Source : une minute avec Marie

06.05.2026 – SAINT DU JOUR

Saint Pierre Nolasque
Prêtre et fondateur de l’Ordre :

« Notre-Dame de la Merci »

Pierre Nolasque naquit d’une illustre famille, près de Carcassonne, en France, à la fin du XIIe siècle (± 1189). Il excella, toute sa vie, dans la pratique de la charité à l’égard du prochain. À peine adolescent il perdit ses parents.

L’hérésie des Albigeois ravageait alors le Midi de la France. Pour s’y soustraire, il vendit son patrimoine, et se retira en Espagne, où il était appelé par le roi Jacques d’Aragon. Il se rendit ensuite à Barcelone, et y consacra toute sa fortune au rachat des captifs enlevés sur mer par les Sarrasins. Mais le sacrifice de ses biens ne suffisait pas à sa charité. Il voulait encore se vendre lui-même pour délivrer ses frères et se charger de leurs chaînes. Une nuit qu’il priait en songeant à la délivrance des captifs, la Sainte Vierge lui apparut et lui recommanda d’établir, en son honneur, un Ordre religieux consacré à cette œuvre de charité. Il s’empressa d’obéir à cet avertissement céleste, d’autant plus que le roi et Raymond de Pennafort avaient reçu en même temps la même révélation. 

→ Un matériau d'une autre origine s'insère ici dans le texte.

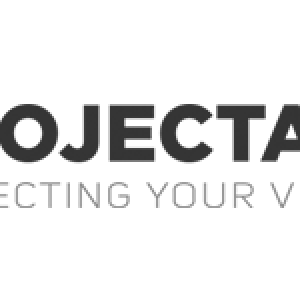 Projecta vision logo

Il fonda l’ordre de « Notre-Dame de la Merci » pour la rédemption des captifs. Le caractère particulier de cet ordre, consiste en ce qu’il joignait aux trois vœux ordinaires de religion un quatrième vœu : celui de se livrer en gage aux païens, s’il en était besoin, pour la délivrance des chrétiens.

À cet exemple héroïque de charité il joignait celui de toutes les vertus. Favorisé du don de prophétie, il prédit au roi d’Aragon la conquête du royaume de Valence sur les Maures. Il était soutenu par de fréquentes apparitions de son ange gardien et de la Vierge Mère de Dieu. 

Enfin, accablé par l’âge, le travail et la pénitence, il reçut l’avertissement de sa mort prochaine. Lorsqu’on lui eut administré les derniers sacrements, il exhorta encore ses frères à la charité envers les captifs. Puis, en disant ces paroles : « Le Seigneur a envoyé la rédemption à son peuple », il rendit son âme à Dieu, au milieu de la nuit de Noël, l’an 1256.

©Evangelizo.org

Saint Pierre Nolasque priez pour nous !

06.05.2026 – ÉVANGILE DU JOUR

Évangile de Jésus-Christ selon saint Jean 15,1-8. 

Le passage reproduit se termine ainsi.